Column: Learn from your failures
March 30, 2016
Starting in elementary school, we were asked, “What do you want to do when you grow up?”
From that point on we are expected to be thinking about a road that will eventually lead us to where these childhood fantasies might have started. And sure, we all change our minds and are told the sky is the limit, but who is there to tell us what is going to happen along the way to our version of the top?
During the journey of pursuing our dreams, I think we focus on what our accomplishments are, but we do not focus on what actually happened to get to these points.
When we answered our elementary school teachers about what we wanted to be when we grow up with jobs like an astronaut, artist or a scientist, we idolized these professions, and we probably still do.
I think this makes us forget that while these people with our childhood dream jobs might constantly be rewarded for their achievements, they are still humans just like us who messed up and learned to get where they are today.
While raising the bar is a great thing to do for yourself, it can be intimidating to have such high expectations that might seem unreachable, and I think focusing so heavily on the positive has put us under the impression that mistakes are to be avoided at all costs.
Personally, I have found myself dwelling on my failures, but I have recently realized you cannot let yourself continue to put salt in your wound.
You just have to learn how to tend to that wound for the next fight with life, and make sure you dodge the next blow if it is coming your way.
If anything, I have learned more from failing more than I have from succeeding.

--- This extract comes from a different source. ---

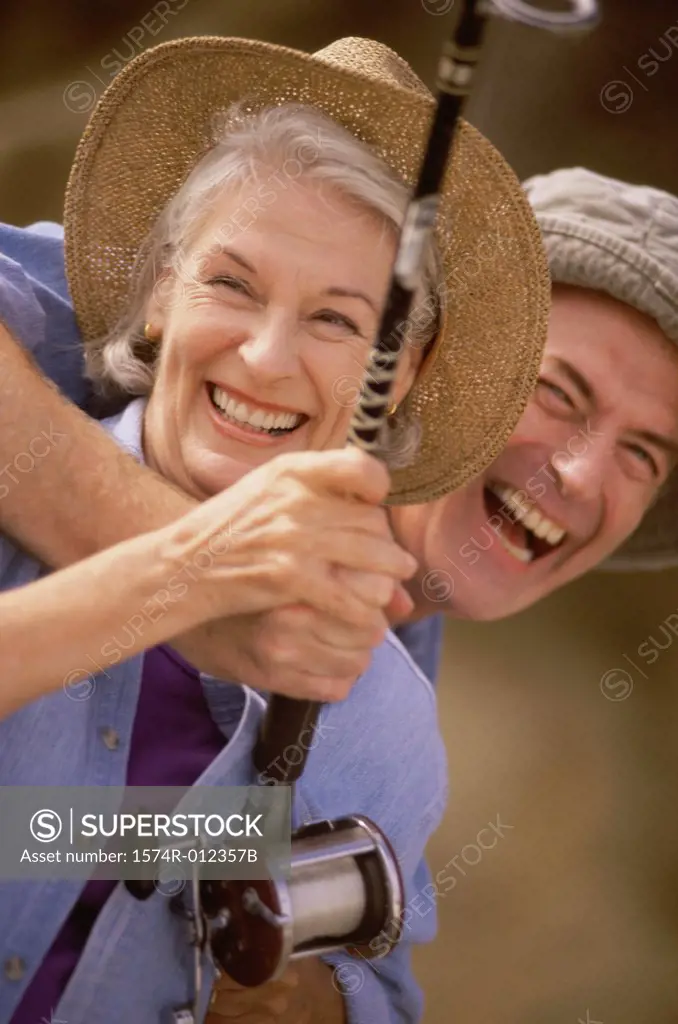Close-up of a senior couple holding a fishing rod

Seeing our failures gives us the chance to take a step back and see how we can better ourselves.
I’m not saying go fail a final to find out how you can improve every aspect of your life, but I think there are better and more positive ways of looking at failures.

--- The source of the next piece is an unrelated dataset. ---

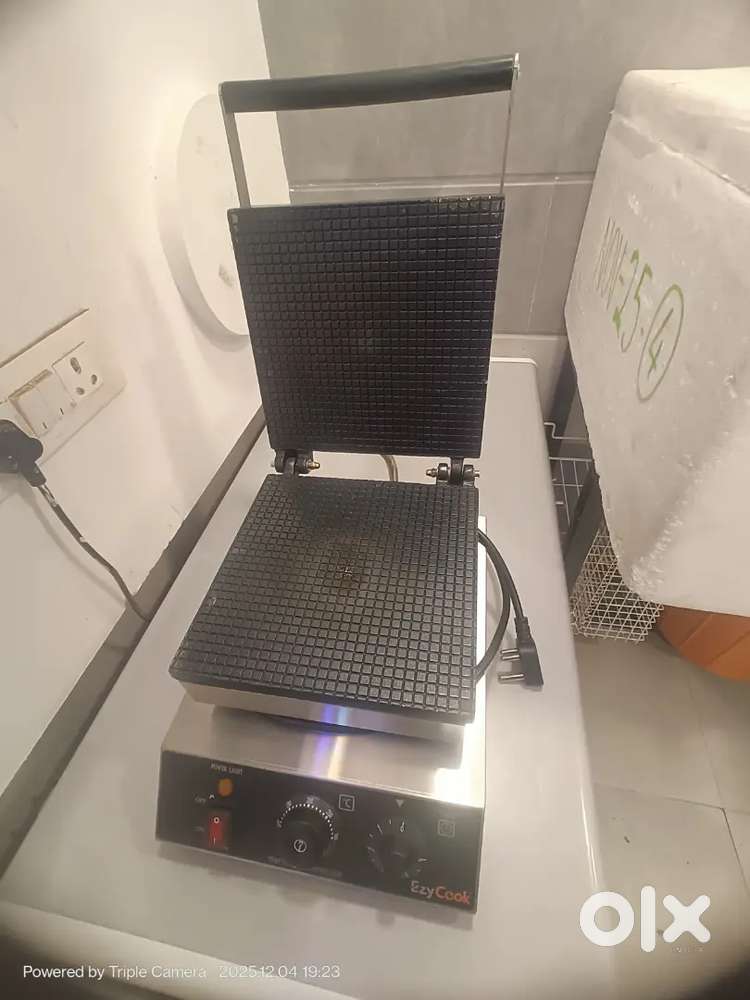 Waffle cone maker and chocolate machine.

Constantly looking at our accomplishments and pretending like we are not capable of doing anything wrong can make a person arrogant and unrealistic.
It is healthier to look at your failures so you can use them as stepping stones in bettering yourself in whatever you are trying to accomplish.
I know it can hurt to feel like you have not done something right, but I promise the world will not crumble around you. Life tends to work itself out (somehow).